→ **YOUR ASSIGNMENT**
Leaving out the pictures, return word for word the stretch of entries below from the line holding "Other Hats Other" through the line holding "Panel, c. 1560, Italy, Silk, velvet".

→ **SOURCE MATERIAL**

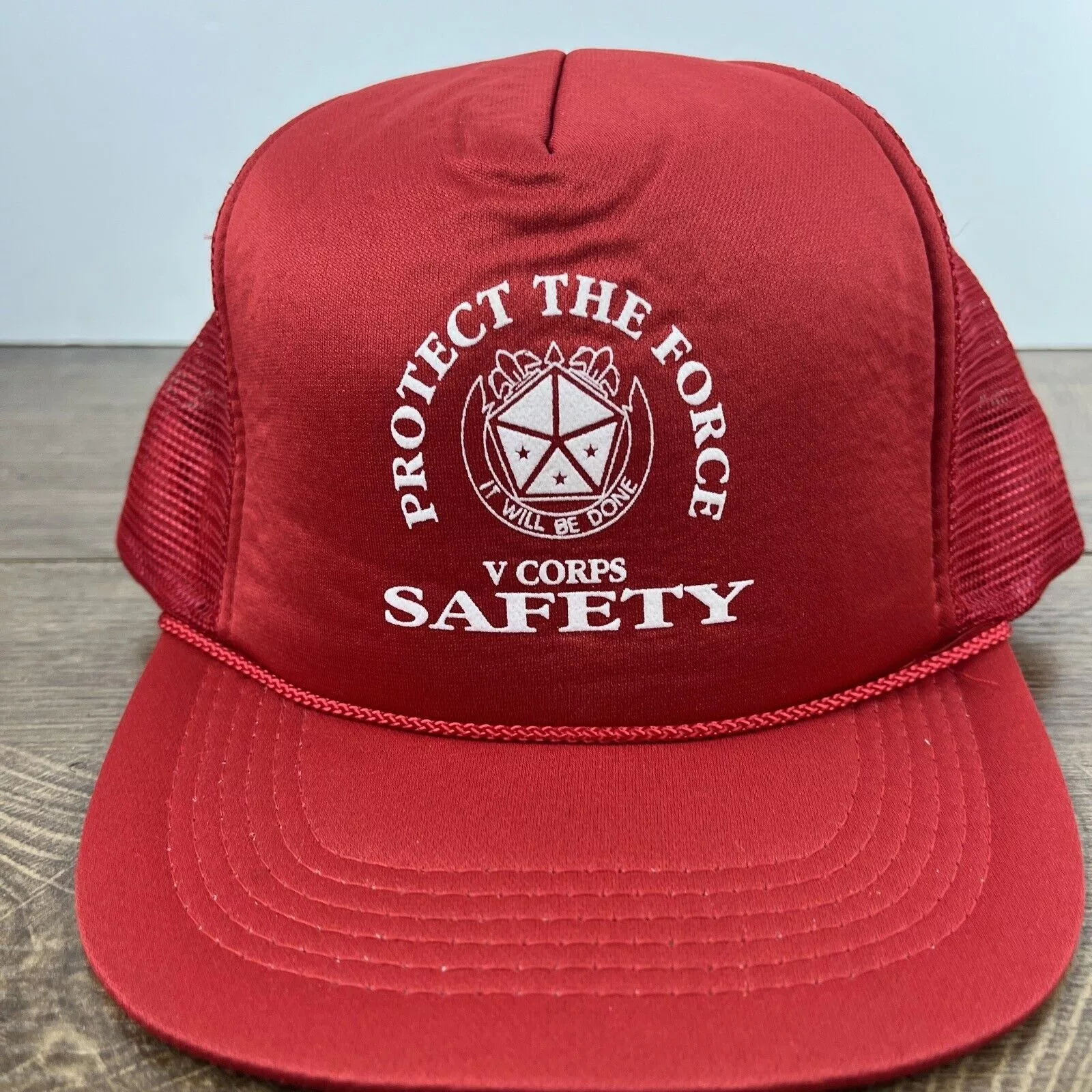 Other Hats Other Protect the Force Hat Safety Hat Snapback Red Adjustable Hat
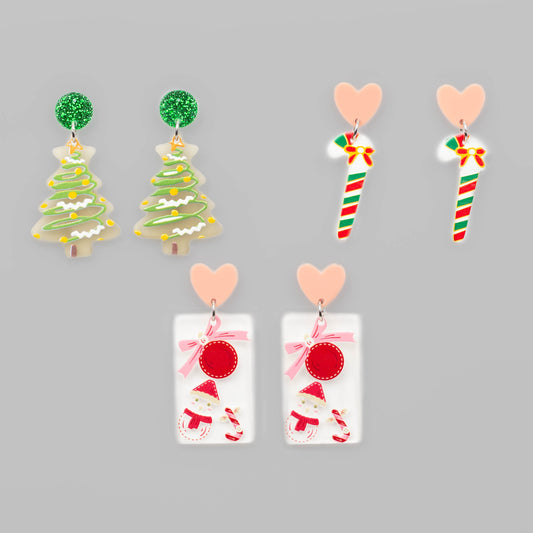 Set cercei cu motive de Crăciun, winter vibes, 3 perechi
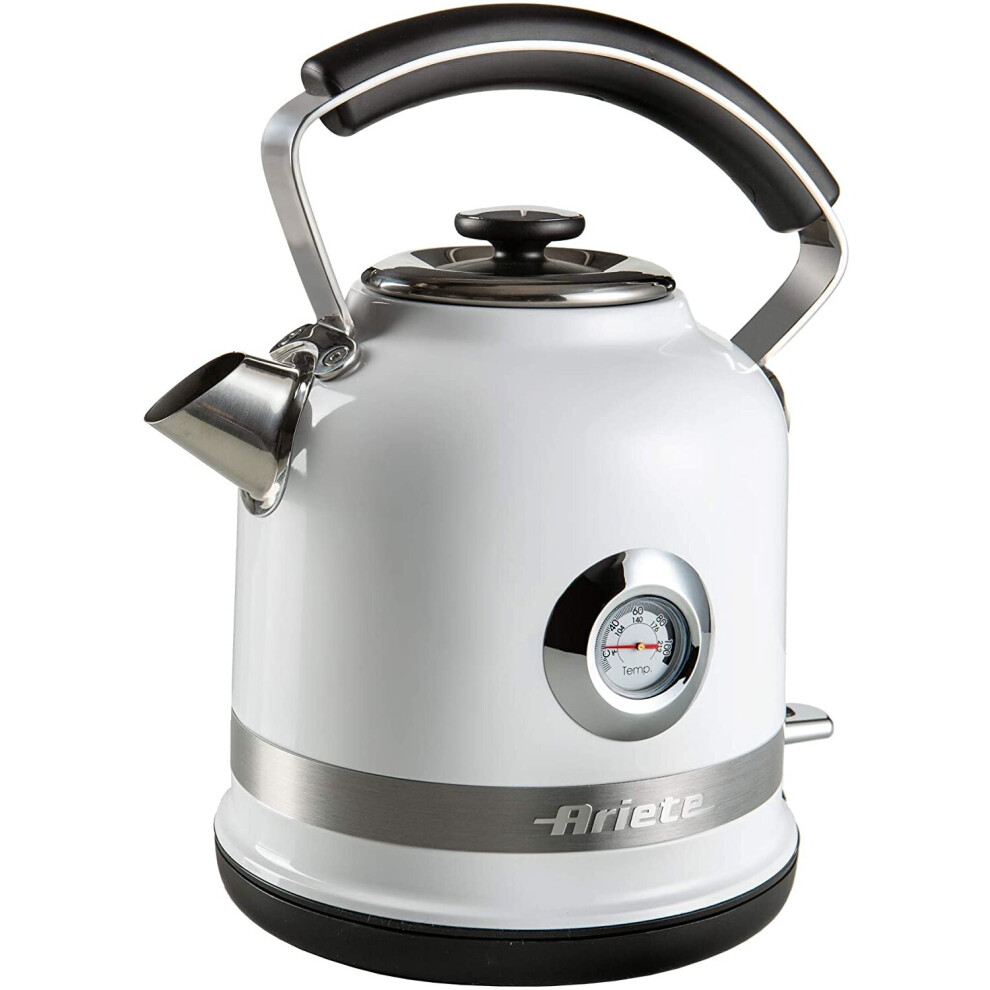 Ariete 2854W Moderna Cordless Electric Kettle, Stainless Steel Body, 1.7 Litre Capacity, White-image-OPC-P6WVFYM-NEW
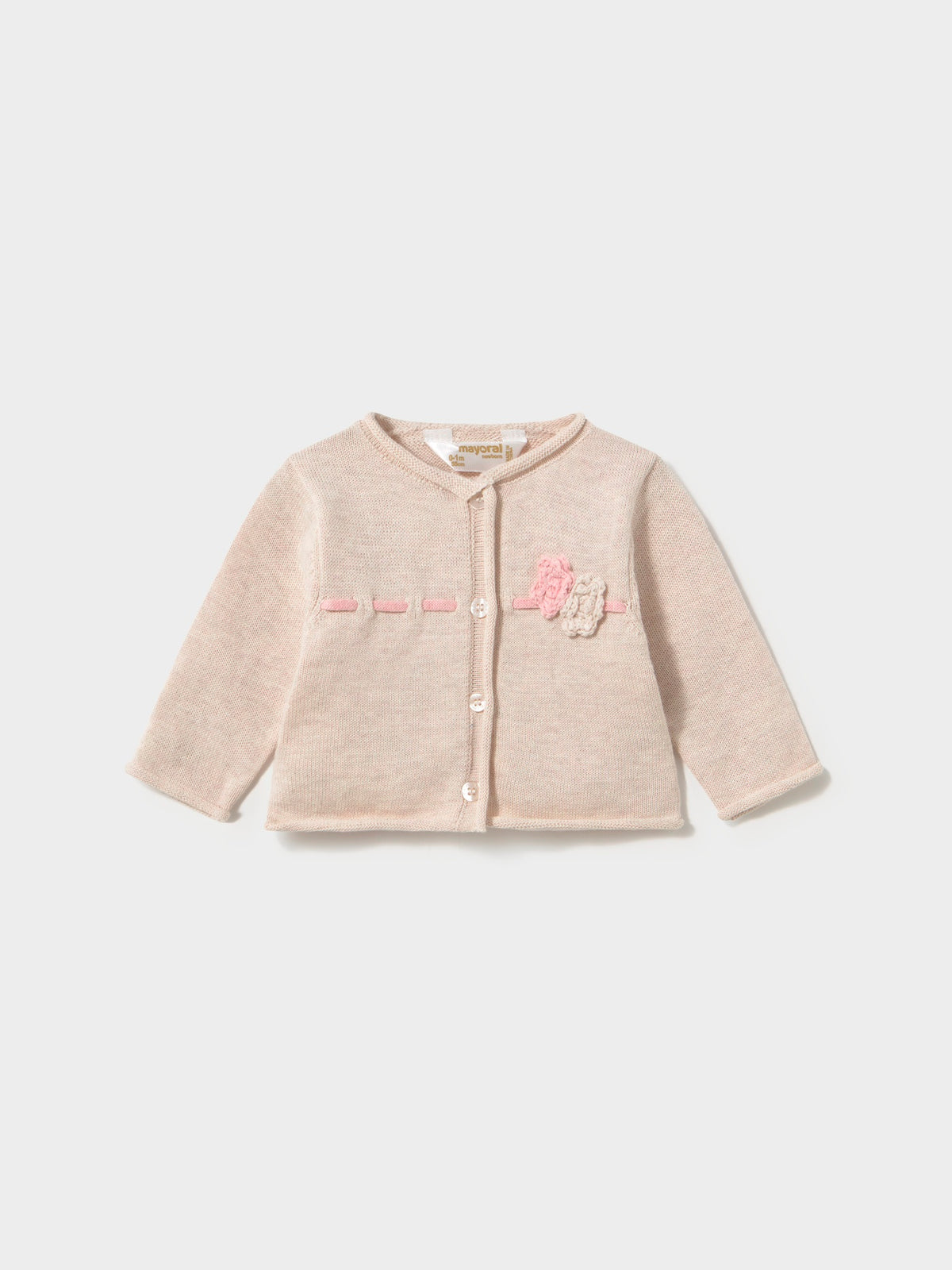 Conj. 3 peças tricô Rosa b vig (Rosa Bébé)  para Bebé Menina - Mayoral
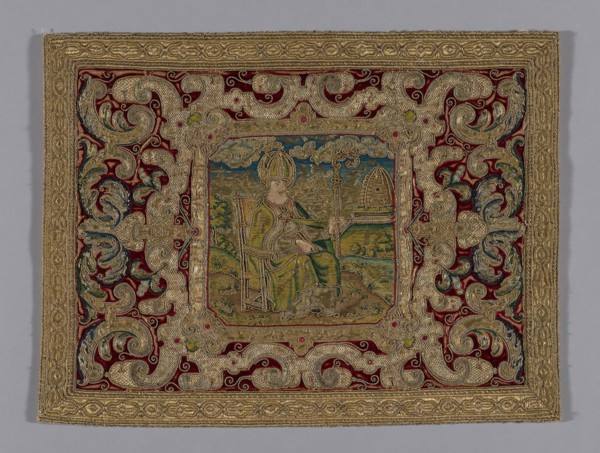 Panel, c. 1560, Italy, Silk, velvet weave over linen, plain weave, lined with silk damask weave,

==

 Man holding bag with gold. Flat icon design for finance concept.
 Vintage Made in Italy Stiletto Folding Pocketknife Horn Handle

→ **REPLY TO THE TASK**
 Other Hats Other Protect the Force Hat Safety Hat Snapback Red Adjustable Hat
 Set cercei cu motive de Crăciun, winter vibes, 3 perechi
 Ariete 2854W Moderna Cordless Electric Kettle, Stainless Steel Body, 1.7 Litre Capacity, White-image-OPC-P6WVFYM-NEW
 Conj. 3 peças tricô Rosa b vig (Rosa Bébé)  para Bebé Menina - Mayoral
 Panel, c. 1560, Italy, Silk, velvet weave over linen, plain weave, lined with silk damask weave,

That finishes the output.